CMC v2: Towards More Accurate COVID-19 Detection with Discriminative Video Priors
This work addresses COVID-19 diagnosis for medical imaging applications, but it is incremental as it builds on a prior winning solution with specific improvements.
The paper tackled COVID-19 detection from videos by enhancing a baseline 3D contrastive mixup classification network with natural video priors and advanced training strategies, achieving first place in a competition with an average Macro F1 Score of 89.11%.

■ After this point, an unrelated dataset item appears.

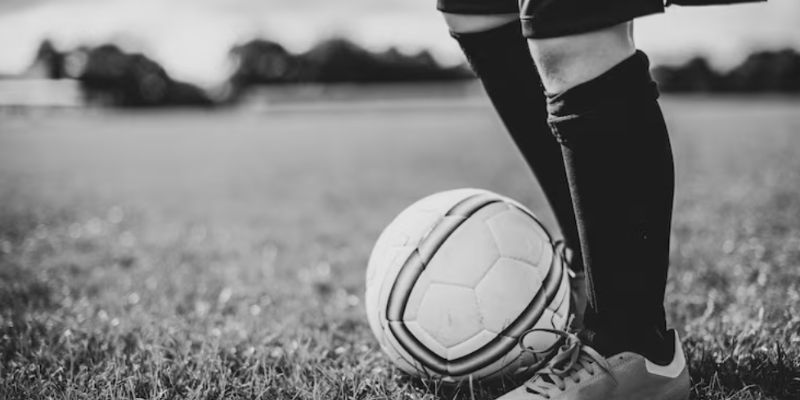 Di sản vĩnh cửu nuôi dưỡng niềm tin chiến thắng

This paper presents our solution for the 2nd COVID-19 Competition, occurring in the framework of the AIMIA Workshop at the European Conference on Computer Vision (ECCV 2022). In our approach, we employ the winning solution last year which uses a strong 3D Contrastive Mixup Classifcation network (CMC v1) as the baseline method, composed of contrastive representation learning and mixup classification. In this paper, we propose CMC v2 by introducing natural video priors to COVID-19 diagnosis. Specifcally, we adapt a pre-trained (on video dataset) video transformer backbone to COVID-19 detection. Moreover, advanced training strategies, including hybrid mixup and cutmix, slicelevel augmentation, and small resolution training are also utilized to boost the robustness and the generalization ability of the model. Among 14 participating teams, CMC v2 ranked 1st in the 2nd COVID-19 Competition with an average Macro F1 Score of 89.11%.